= Beginning of Section =

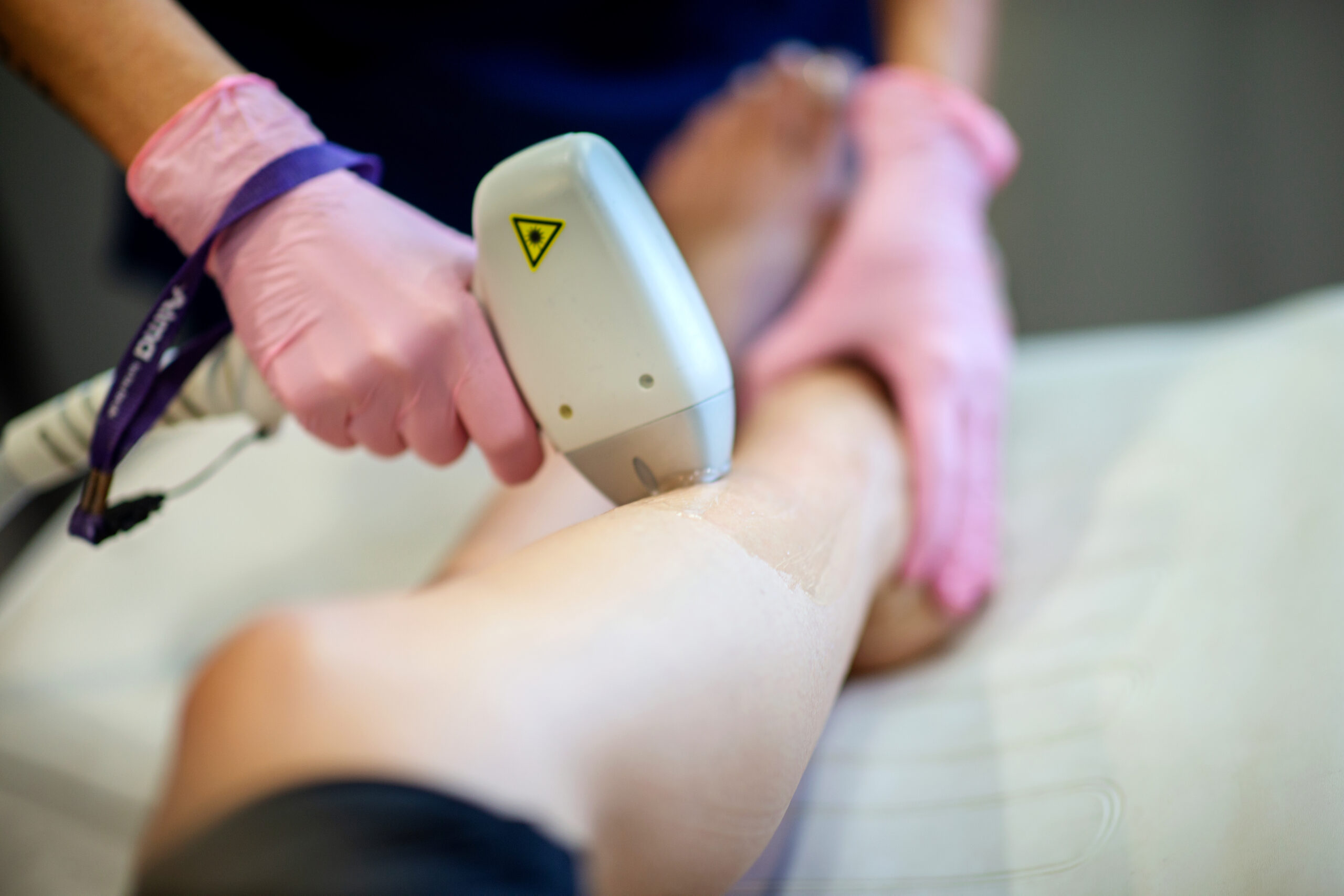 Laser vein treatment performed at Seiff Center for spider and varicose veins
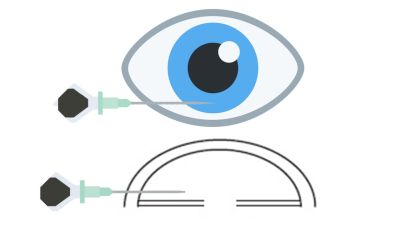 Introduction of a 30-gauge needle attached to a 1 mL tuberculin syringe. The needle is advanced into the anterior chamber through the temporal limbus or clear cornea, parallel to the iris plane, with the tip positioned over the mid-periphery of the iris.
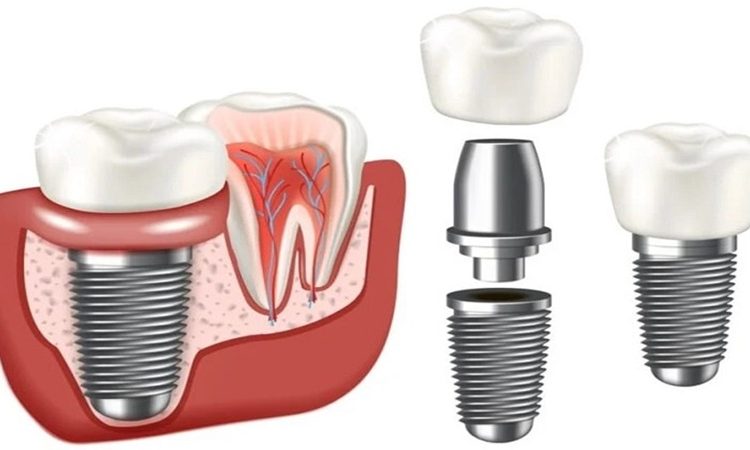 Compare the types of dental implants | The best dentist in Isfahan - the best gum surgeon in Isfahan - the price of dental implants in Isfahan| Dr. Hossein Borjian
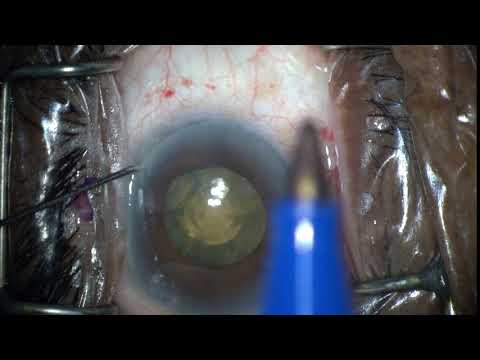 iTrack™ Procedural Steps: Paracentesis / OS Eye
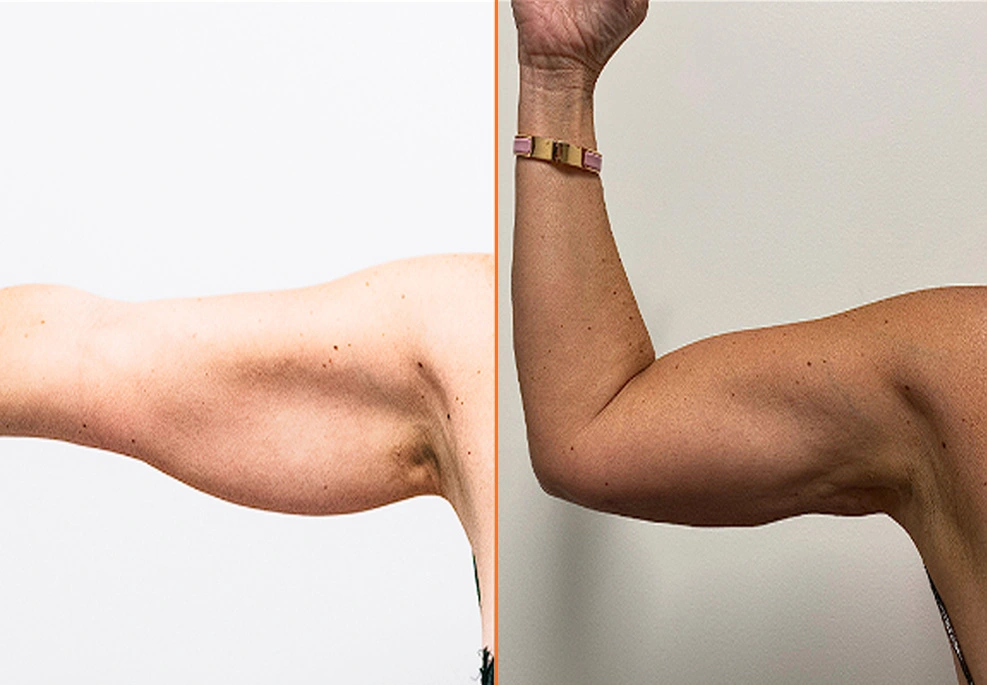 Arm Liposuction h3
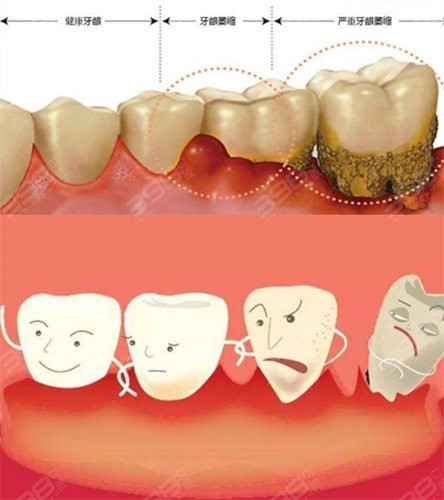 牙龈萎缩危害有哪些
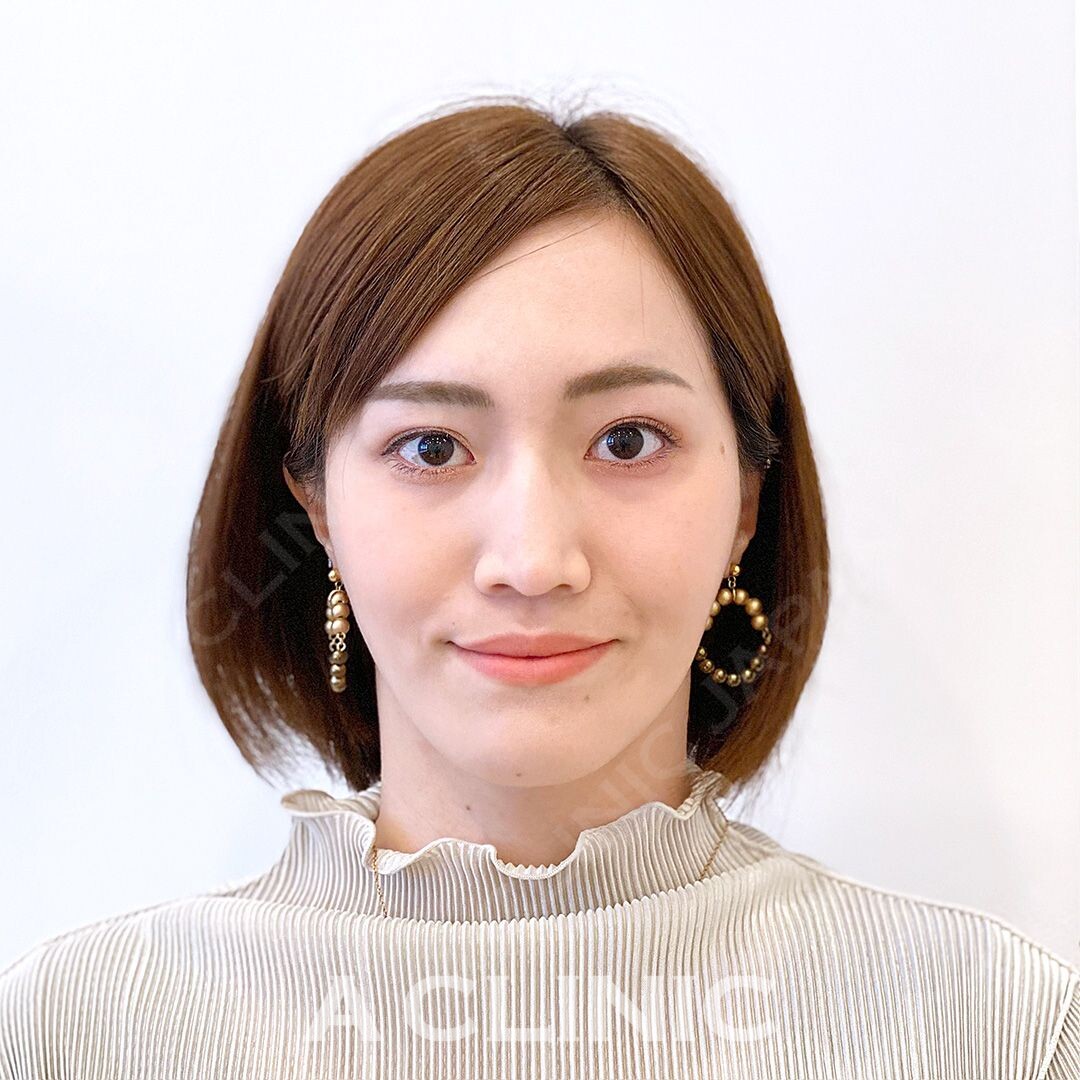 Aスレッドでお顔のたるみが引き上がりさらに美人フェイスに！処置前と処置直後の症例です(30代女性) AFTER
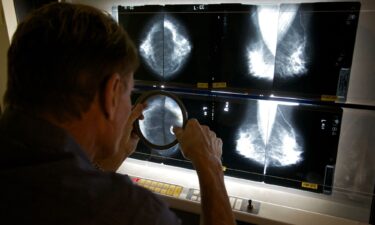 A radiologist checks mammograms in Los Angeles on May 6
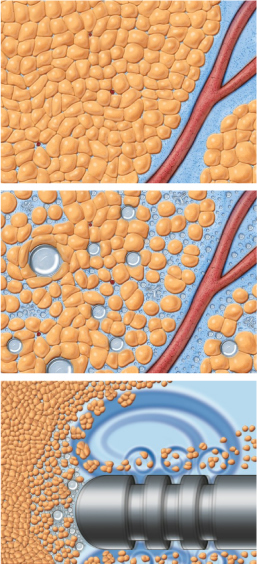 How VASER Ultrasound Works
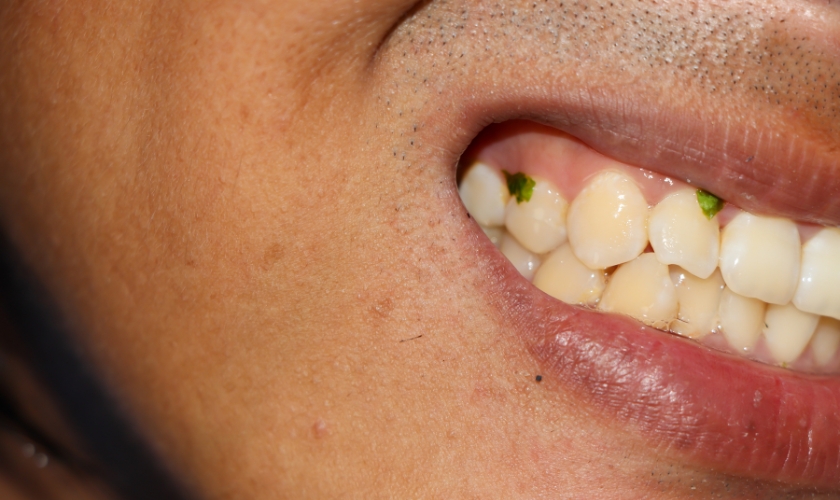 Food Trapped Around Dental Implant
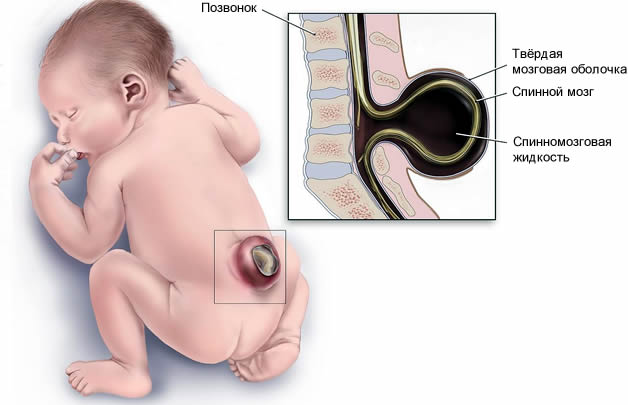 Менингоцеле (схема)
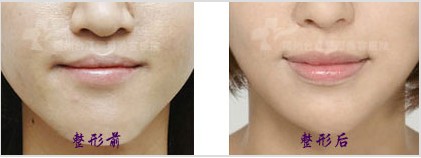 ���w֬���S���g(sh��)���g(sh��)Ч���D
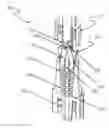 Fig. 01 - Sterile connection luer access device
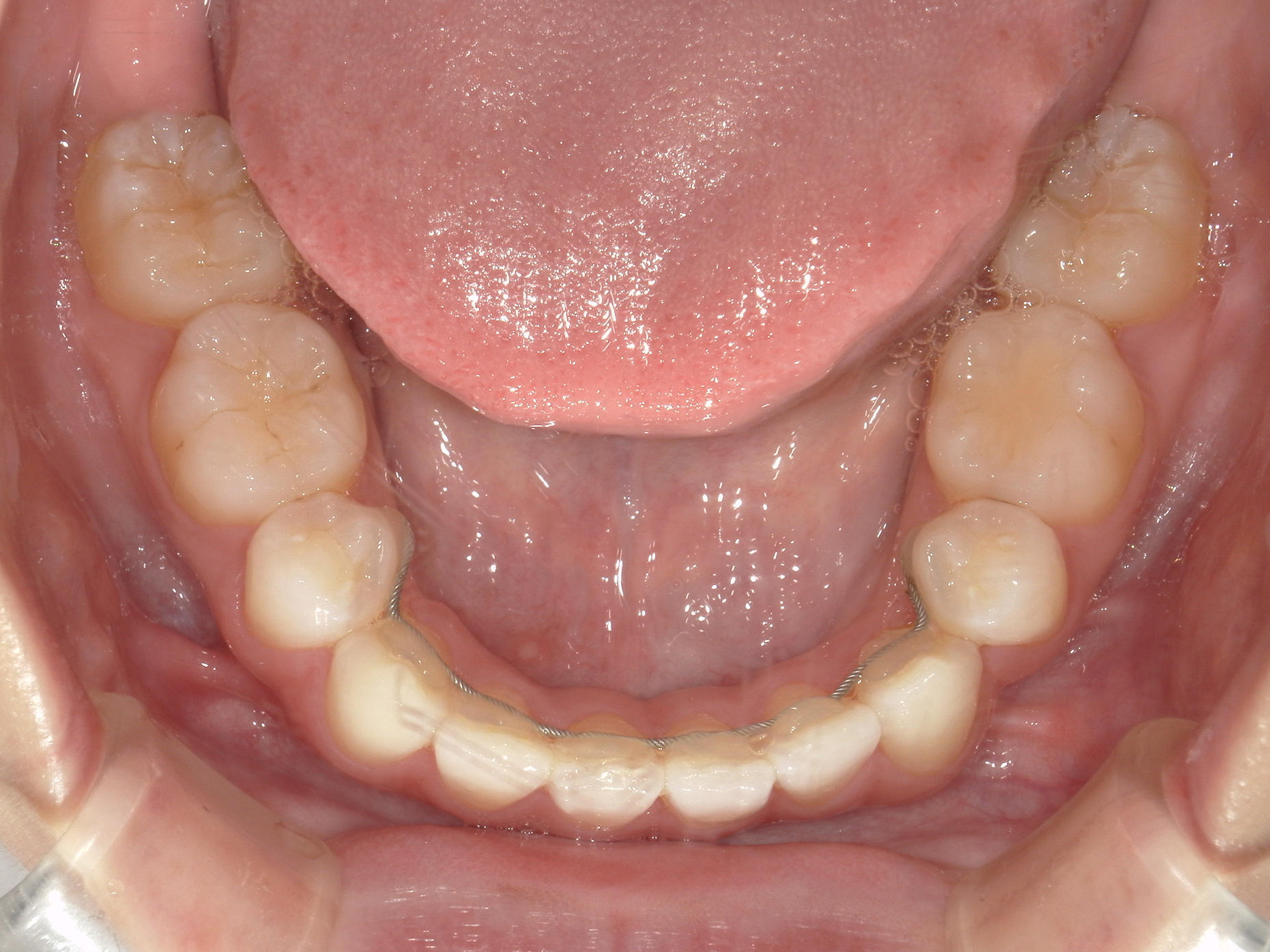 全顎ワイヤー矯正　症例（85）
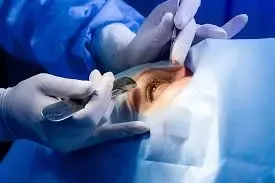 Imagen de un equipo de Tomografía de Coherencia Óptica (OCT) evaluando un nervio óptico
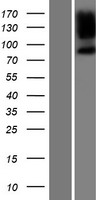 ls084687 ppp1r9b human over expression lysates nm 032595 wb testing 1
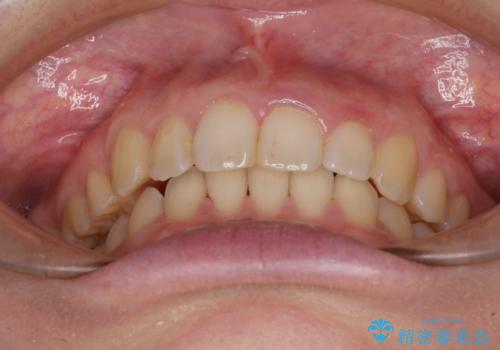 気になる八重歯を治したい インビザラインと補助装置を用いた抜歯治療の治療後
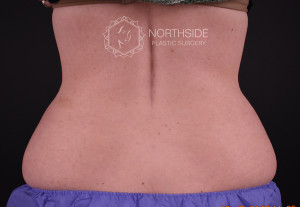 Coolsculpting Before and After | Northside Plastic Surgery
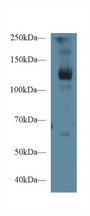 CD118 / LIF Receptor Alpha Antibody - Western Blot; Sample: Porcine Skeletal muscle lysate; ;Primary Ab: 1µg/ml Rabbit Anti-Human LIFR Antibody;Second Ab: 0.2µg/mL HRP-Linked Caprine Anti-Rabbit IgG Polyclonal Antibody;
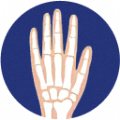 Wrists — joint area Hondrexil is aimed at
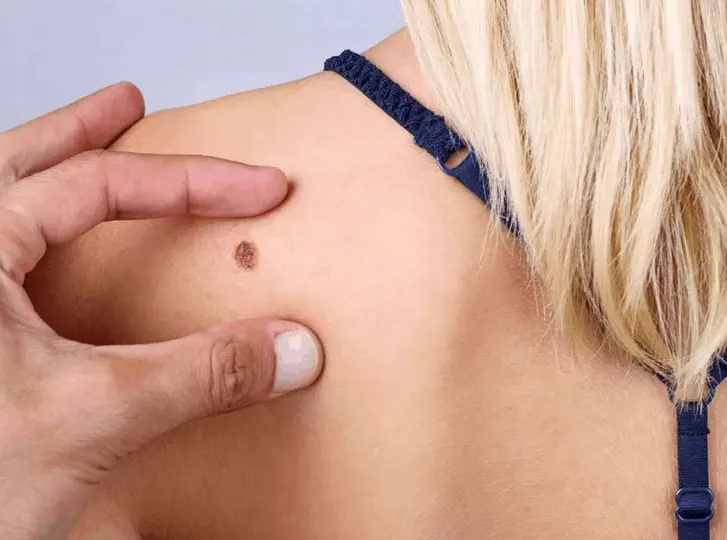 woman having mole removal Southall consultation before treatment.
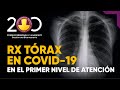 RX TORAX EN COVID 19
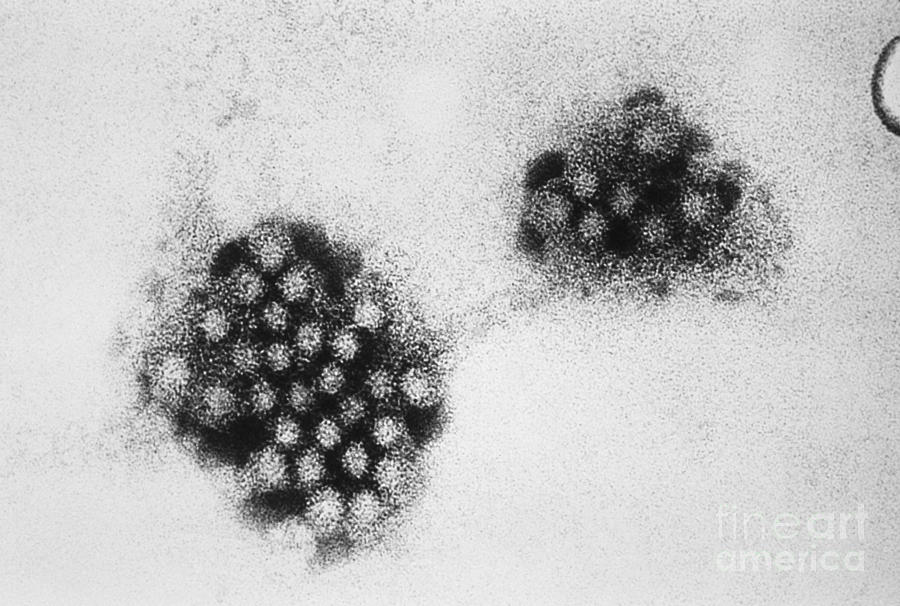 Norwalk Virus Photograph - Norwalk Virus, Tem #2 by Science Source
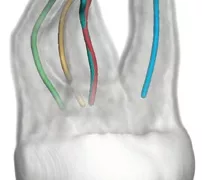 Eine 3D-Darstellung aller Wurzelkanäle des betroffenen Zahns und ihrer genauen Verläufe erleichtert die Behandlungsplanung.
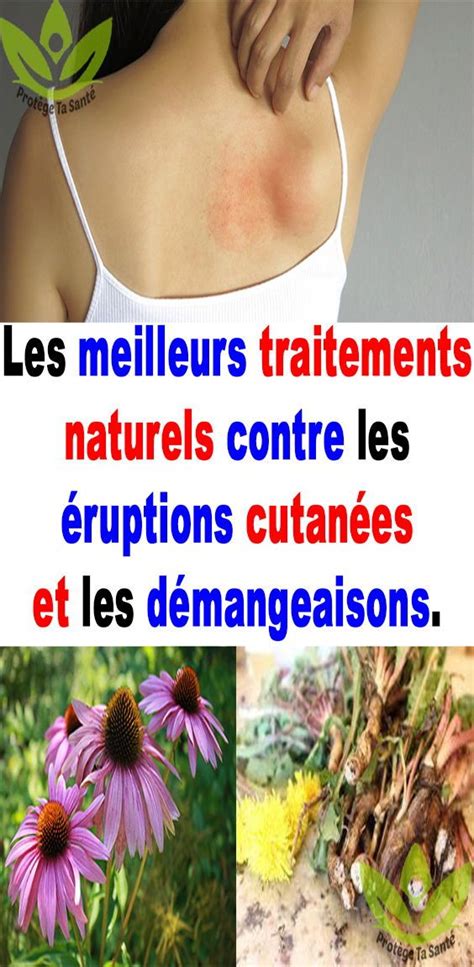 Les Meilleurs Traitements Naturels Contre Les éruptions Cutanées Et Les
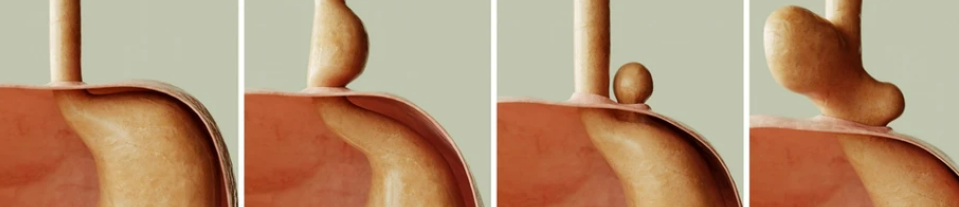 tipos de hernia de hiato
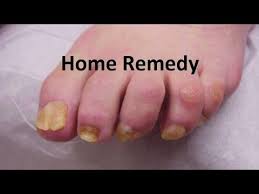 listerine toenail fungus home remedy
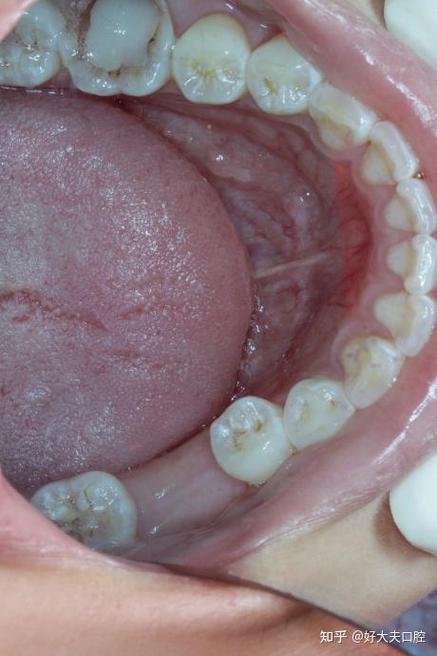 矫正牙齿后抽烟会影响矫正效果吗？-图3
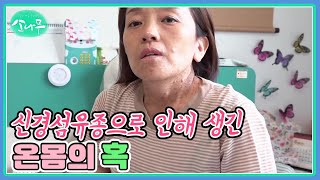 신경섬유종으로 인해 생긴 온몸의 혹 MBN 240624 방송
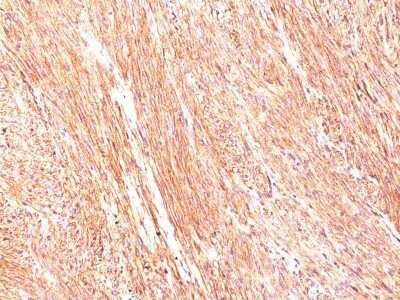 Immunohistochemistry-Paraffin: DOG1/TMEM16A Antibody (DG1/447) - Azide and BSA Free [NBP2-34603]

= End of Section =

> _How to complete this task_
In the material above, which lines fall between the one holding "Imagen de un" and the one holding "Coolsculpting Before and", inclusive? Print exactly those, with the pictures left out.

> _Exercise response_
 Imagen de un equipo de Tomografía de Coherencia Óptica (OCT) evaluando un nervio óptico
 ls084687 ppp1r9b human over expression lysates nm 032595 wb testing 1
 気になる八重歯を治したい インビザラインと補助装置を用いた抜歯治療の治療後
 Coolsculpting Before and After | Northside Plastic Surgery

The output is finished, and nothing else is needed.